**Available data**.
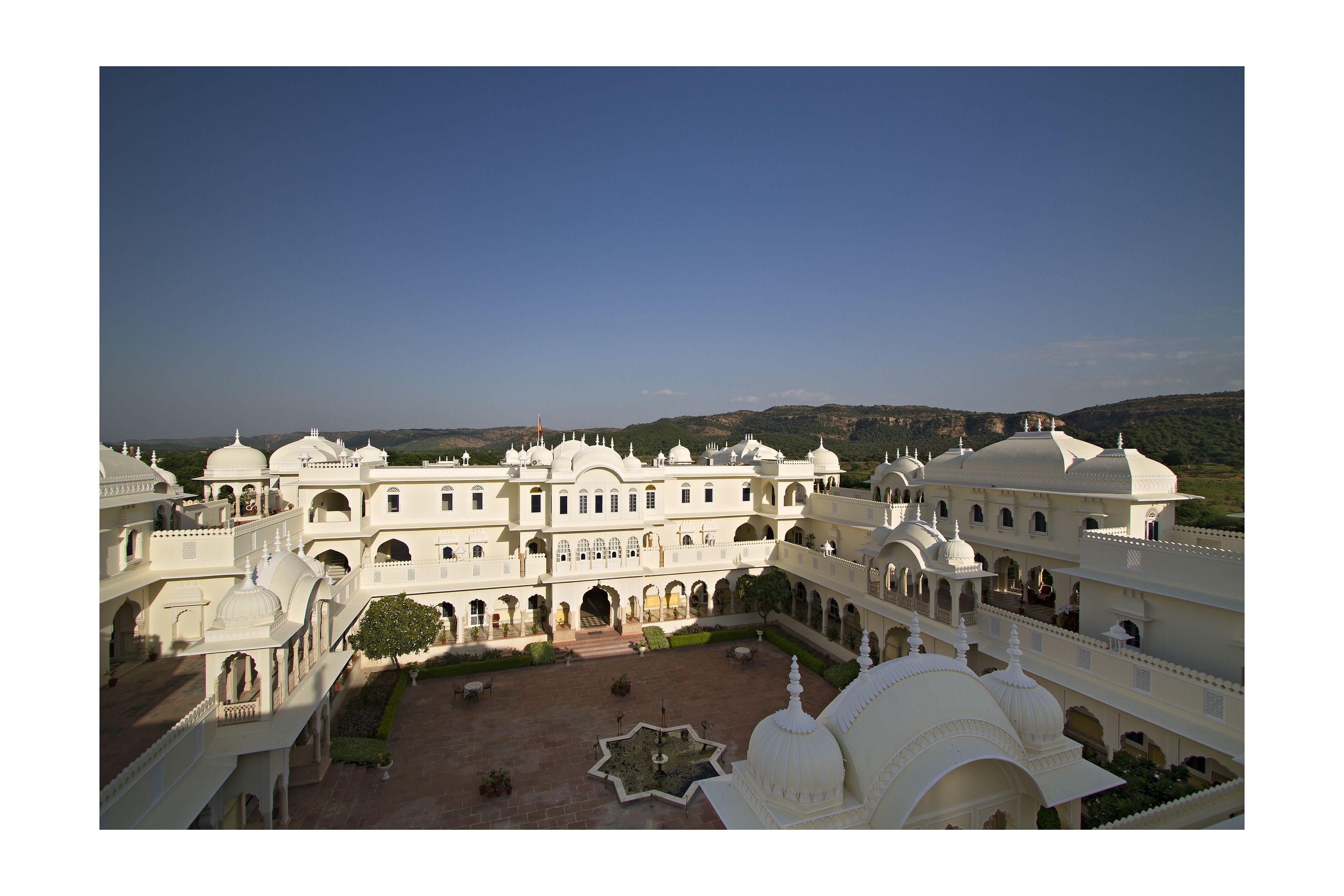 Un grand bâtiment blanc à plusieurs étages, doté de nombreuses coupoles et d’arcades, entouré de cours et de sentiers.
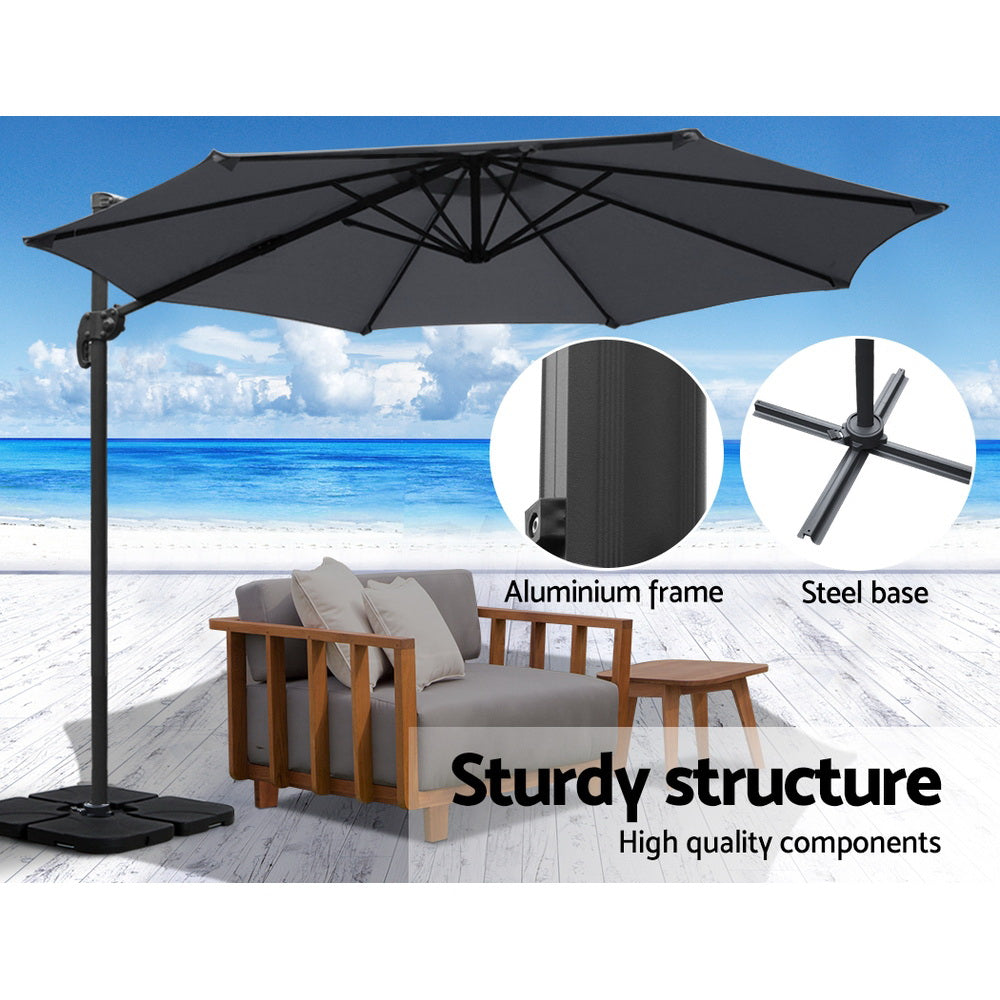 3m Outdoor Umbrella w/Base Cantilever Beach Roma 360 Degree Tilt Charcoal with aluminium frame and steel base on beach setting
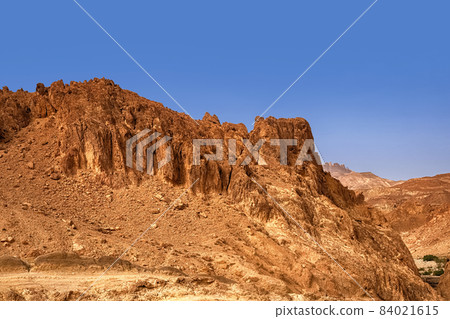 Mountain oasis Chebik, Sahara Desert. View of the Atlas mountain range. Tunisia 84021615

**Work request**. In the copy, only the lines from the one holding "3m Outdoor Umbrella" through the end of the listing above should appear, retyped exactly, both ends included, with no pictures.

**Answer**.
 3m Outdoor Umbrella w/Base Cantilever Beach Roma 360 Degree Tilt Charcoal with aluminium frame and steel base on beach setting
 Mountain oasis Chebik, Sahara Desert. View of the Atlas mountain range. Tunisia 84021615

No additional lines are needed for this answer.